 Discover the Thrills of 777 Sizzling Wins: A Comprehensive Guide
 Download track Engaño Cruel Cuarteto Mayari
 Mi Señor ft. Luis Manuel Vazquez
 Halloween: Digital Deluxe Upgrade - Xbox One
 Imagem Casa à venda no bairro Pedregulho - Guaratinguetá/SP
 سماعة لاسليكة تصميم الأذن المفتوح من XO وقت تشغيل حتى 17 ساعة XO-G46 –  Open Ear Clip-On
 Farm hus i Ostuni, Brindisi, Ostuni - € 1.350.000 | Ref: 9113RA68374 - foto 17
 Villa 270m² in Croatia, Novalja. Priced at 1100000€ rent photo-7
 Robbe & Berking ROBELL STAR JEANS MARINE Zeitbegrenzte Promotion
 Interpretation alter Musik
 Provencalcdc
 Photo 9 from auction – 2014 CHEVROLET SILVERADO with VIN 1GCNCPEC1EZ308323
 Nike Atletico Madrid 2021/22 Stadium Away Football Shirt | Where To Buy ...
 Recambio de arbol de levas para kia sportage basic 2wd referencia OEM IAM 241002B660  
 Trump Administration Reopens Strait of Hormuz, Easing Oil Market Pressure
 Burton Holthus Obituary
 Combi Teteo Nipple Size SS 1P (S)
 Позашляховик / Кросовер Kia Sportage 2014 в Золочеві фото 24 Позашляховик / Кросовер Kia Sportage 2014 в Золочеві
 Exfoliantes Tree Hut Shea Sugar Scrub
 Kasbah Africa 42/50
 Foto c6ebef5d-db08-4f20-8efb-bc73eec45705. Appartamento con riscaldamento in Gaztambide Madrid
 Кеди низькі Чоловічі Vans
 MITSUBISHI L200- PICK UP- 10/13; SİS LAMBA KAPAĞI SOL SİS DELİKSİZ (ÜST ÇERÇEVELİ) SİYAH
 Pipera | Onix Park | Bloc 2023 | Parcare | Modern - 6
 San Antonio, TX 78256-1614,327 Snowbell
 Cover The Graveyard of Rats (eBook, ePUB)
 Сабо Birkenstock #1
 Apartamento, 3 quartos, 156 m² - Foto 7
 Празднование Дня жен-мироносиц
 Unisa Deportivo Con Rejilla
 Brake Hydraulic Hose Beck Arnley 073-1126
_ _ _ _
Task prompt → If a line in the material holds "Madrid", copy it.

Response box →
 Nike Atletico Madrid 2021/22 Stadium Away Football Shirt | Where To Buy ...
 Foto c6ebef5d-db08-4f20-8efb-bc73eec45705. Appartamento con riscaldamento in Gaztambide Madrid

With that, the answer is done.